Why hadn’t she asked the old man about the painting’s value? She didn’t even know who painted it, whether it was someone famous. Stupid.
Martine sucked in her breath. “Watch yourself, Aimée. Serbian tough men score low on finesse points. I wrote an article on them last year. We know they contract out. It’s the employer to watch out for.”
Morbier and the medic had cautioned the same thing.
“But what’s really important is that you’re not making a mistake with Melac,” Martine said. “He’s moving in with you, non?”
Typical. Only Martine could be thinking about Aimée’s love life at a time like this. “Only if Miles Davis agrees,” she said. “It’s complicated as usual.”
Melac, Aimée’s Brigade Criminelle detective boyfriend, was never around these days; he’d been seconded to an assignment he couldn’t talk about. Only his citrus scent clung to the sheets.
“But if you still need an escort to Sebastien’s wedding, let me suggest a man. He reminds me of the chocolate you like; deep, dark, and yes, somewhat decadent. I’ll introduce you.”

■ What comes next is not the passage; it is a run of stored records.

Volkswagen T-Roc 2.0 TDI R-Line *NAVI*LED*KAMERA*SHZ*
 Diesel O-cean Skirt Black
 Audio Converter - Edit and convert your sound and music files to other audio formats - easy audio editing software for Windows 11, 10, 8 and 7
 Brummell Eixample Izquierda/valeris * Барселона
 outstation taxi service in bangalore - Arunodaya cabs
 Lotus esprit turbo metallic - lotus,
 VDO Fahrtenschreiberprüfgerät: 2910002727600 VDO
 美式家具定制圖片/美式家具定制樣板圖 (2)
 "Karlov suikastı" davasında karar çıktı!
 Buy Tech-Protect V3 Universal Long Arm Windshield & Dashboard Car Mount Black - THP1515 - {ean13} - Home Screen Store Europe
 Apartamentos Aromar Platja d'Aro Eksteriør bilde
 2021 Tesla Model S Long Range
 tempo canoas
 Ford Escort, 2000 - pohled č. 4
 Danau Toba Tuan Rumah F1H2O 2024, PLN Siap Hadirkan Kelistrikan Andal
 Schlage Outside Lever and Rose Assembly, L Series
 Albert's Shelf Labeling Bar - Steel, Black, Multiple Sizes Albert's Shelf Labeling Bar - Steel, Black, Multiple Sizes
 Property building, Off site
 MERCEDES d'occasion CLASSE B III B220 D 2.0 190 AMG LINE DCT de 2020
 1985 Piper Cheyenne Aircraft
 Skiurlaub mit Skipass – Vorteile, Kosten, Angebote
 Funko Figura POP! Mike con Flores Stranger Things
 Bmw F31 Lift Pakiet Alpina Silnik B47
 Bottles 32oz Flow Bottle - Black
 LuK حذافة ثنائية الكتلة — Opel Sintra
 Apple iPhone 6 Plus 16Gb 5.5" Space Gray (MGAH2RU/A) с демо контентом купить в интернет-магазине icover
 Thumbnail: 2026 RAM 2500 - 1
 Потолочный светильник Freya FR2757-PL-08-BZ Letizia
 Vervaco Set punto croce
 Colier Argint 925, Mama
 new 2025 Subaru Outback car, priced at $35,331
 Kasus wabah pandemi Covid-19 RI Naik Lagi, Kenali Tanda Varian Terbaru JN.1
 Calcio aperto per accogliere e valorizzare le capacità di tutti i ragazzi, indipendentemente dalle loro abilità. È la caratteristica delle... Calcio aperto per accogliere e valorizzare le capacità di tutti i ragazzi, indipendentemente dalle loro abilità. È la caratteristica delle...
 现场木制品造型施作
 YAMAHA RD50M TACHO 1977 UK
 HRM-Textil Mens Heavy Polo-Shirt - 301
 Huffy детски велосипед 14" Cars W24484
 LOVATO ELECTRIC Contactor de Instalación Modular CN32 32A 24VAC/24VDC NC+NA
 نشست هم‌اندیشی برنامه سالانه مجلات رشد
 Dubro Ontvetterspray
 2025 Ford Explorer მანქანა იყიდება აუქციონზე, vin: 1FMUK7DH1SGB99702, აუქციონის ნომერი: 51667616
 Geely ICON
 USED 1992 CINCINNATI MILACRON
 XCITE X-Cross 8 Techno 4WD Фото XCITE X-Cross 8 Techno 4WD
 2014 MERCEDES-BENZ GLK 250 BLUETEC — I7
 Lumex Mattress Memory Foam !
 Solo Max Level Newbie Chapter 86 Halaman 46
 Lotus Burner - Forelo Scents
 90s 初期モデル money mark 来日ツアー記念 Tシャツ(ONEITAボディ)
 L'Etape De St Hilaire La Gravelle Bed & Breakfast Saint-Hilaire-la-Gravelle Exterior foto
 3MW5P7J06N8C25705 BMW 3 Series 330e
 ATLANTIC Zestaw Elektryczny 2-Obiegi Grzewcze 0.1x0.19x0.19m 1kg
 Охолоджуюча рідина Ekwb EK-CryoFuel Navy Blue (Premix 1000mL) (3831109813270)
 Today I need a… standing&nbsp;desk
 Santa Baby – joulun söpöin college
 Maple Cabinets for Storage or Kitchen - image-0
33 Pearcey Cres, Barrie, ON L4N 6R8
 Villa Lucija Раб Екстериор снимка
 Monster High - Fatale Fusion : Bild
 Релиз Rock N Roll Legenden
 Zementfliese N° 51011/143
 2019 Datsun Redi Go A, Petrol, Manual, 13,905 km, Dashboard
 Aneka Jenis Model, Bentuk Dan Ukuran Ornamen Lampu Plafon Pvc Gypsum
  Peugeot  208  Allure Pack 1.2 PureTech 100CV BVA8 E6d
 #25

Always the matchmaker, Martine.
“Meanwhile, I’ll contact my seamstress,” she continued. “A perfect magician with Dior alterations.”
Serge beckoned from the lab door.
“Got to go, Martine,” she said. “Date with a cadaver.”
She hung up. A little shudder ran through her. Put yourself in René’s size twos. Was Martine implying that her selfish streak had surfaced again—the self-absorbed eye-blinkered mode? Had she driven René away, put too much pressure on him, relied on him too much? She’d made it all go wrong, as usual.
Practice your profession but also have a life, her Papa always told her. Morbier had no life—correction, even he had a woman making him morning coffee and she could imagine what else. In the end, René, her best friend and partner, had left her. The agency needed to be kept afloat. Yet dwelling on that right now would get her nowhere.
Aimée followed Serge down the stairs to the lower level, past the cold storage room and to the lab. The frigid air sent shivers up her neck.
Serge paused on the steps outside the morgue lab. The dark hairs below his knuckles were powdered with talc dust from his surgical gloves. “So you agree to help with the twins on their half-day holiday, Aimée?”
The usual price for any favors—babysitting his energetic twin boys, whom she likened to shooting balls of mercury.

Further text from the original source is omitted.